The documentary, titled Chaplin in Bali, will premiere at the 11th Bali International Film Festival (Balinale). Set to screen on Sept. 24 at Cinemaxx Theatre, Lippo Mall in Kuta, the festival has chosen the docu as its opener.
The year was 1932 and the English silent film star was undergoing a midlife crisis with the advent of “talkies,” so he decided to book it east with his brother Sydney and “escape” to Bali, where he wouldn’t be recognized.
During his time in Bali, Chaplin filmed a blend of landscapes, people, and Balinese dance from his travels.

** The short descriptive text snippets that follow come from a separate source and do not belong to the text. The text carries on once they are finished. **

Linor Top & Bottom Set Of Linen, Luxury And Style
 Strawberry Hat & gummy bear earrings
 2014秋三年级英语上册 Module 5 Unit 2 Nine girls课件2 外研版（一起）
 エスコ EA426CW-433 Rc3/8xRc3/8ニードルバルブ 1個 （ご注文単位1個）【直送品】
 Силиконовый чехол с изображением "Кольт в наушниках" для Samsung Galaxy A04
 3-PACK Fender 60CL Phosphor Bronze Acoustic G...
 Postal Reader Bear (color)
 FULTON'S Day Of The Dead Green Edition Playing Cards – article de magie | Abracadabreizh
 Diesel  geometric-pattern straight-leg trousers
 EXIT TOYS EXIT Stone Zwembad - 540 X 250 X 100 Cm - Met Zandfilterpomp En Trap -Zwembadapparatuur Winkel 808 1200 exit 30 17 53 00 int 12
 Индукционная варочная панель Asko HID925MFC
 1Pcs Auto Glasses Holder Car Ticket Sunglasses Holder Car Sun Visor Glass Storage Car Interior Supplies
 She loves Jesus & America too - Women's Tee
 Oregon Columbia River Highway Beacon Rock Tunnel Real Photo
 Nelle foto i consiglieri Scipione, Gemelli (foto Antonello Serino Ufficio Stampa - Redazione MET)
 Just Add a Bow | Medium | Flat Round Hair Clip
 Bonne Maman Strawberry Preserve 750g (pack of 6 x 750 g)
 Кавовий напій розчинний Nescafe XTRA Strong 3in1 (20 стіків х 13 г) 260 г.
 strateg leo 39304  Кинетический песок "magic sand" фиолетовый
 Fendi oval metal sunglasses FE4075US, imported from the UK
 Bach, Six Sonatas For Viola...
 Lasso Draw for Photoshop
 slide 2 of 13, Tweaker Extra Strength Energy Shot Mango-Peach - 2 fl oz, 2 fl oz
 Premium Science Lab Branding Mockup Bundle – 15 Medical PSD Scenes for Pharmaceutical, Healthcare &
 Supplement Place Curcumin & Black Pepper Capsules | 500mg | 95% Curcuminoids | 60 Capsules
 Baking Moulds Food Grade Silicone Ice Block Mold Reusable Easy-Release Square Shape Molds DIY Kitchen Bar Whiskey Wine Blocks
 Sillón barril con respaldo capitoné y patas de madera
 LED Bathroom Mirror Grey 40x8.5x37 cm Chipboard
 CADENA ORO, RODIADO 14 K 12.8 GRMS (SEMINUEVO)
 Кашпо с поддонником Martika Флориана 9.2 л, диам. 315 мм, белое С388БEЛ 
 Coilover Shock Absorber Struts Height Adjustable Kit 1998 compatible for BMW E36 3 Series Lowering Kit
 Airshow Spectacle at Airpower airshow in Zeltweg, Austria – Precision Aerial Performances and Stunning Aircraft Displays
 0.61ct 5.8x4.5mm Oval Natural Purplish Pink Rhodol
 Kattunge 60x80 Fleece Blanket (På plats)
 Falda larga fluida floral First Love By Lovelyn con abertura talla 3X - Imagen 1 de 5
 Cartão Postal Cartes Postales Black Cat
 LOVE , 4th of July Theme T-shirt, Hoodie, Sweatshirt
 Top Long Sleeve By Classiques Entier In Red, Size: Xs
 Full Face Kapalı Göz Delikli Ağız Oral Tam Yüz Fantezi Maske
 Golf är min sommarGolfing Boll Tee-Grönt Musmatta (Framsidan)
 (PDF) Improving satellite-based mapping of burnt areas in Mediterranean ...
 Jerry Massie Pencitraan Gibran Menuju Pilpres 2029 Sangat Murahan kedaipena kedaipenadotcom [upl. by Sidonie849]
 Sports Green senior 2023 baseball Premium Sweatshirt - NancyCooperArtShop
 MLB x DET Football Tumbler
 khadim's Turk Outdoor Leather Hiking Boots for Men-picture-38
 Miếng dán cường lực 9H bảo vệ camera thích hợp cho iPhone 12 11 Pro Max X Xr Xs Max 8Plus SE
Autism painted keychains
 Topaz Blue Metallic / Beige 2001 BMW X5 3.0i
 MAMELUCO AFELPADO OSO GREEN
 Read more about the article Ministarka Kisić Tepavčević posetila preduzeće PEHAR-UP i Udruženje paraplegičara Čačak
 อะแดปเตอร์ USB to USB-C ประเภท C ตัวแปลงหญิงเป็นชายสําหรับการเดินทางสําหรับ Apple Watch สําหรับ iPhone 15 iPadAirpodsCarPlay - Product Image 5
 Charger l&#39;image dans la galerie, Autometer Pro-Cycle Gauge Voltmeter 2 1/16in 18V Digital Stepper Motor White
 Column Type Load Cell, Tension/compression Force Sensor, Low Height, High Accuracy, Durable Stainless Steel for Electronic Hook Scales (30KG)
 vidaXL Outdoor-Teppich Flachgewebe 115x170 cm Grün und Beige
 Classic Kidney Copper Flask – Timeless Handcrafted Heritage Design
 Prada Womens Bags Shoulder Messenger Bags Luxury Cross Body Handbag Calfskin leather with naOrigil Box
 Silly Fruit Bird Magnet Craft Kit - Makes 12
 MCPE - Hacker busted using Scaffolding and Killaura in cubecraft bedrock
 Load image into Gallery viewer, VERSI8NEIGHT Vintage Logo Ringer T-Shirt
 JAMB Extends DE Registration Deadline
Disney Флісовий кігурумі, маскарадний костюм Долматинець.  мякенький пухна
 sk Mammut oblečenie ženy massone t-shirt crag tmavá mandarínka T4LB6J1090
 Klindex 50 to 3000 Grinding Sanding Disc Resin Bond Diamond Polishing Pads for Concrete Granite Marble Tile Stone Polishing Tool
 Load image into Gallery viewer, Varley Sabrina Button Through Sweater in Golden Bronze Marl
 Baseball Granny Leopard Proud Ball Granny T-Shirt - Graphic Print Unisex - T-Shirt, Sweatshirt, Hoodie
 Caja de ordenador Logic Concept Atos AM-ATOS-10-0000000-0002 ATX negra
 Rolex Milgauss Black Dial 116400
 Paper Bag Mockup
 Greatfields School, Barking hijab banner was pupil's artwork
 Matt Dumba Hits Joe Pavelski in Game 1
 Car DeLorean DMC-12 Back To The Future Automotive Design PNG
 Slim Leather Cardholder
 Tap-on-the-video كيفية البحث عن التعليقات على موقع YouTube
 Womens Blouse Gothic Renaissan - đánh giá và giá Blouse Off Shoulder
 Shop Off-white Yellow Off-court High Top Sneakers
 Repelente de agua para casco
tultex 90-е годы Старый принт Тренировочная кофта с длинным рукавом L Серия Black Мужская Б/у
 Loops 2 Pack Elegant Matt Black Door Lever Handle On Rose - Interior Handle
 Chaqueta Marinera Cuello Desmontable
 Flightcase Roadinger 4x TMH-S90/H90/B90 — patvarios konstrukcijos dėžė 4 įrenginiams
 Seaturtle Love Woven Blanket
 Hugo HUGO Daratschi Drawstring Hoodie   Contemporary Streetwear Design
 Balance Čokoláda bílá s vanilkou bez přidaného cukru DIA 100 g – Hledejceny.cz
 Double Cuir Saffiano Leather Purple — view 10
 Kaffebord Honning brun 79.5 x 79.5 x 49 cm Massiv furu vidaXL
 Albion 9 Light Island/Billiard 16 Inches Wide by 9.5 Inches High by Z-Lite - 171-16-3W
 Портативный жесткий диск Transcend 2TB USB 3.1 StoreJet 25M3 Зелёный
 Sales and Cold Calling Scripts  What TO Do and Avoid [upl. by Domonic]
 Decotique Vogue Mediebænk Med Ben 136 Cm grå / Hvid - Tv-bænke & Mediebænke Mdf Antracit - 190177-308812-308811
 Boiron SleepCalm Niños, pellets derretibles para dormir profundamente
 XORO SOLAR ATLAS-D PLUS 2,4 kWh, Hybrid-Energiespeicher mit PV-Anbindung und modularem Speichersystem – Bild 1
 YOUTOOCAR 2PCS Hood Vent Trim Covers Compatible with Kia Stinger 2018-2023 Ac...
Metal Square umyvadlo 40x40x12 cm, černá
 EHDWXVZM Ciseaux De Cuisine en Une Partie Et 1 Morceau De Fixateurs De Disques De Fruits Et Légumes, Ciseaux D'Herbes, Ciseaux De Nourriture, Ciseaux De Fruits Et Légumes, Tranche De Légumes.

That black and white footage taken by Chaplin and his brother has been woven together with contemporary shots by French filmmaker Raphaël Millet to assist in telling Chaplin’s story from the time. From the contemporary side, the docu features clips of a lone dancer performing the Balinese dance, Legong Kupu Kupu, which apparently captivated Chaplin; there’s footage of Chaplin watching this specific dance and even emulating it himself much to the amusement of Balinese onlookers. While the dance was popular in the ’30s, it’s no longer performed anymore in Bali, so Millet had to bring on a Balinese dance master to revive it.
Millet insists that Chaplin was heavily inspired by his time in Bali. Four years after his trip, the release of Modern Times would mark a new era of filmmaking for the comedy master. It was in the 1936 film that world heard Chaplin’s voice — singing no less — for the first time after two decades of silent pantomime.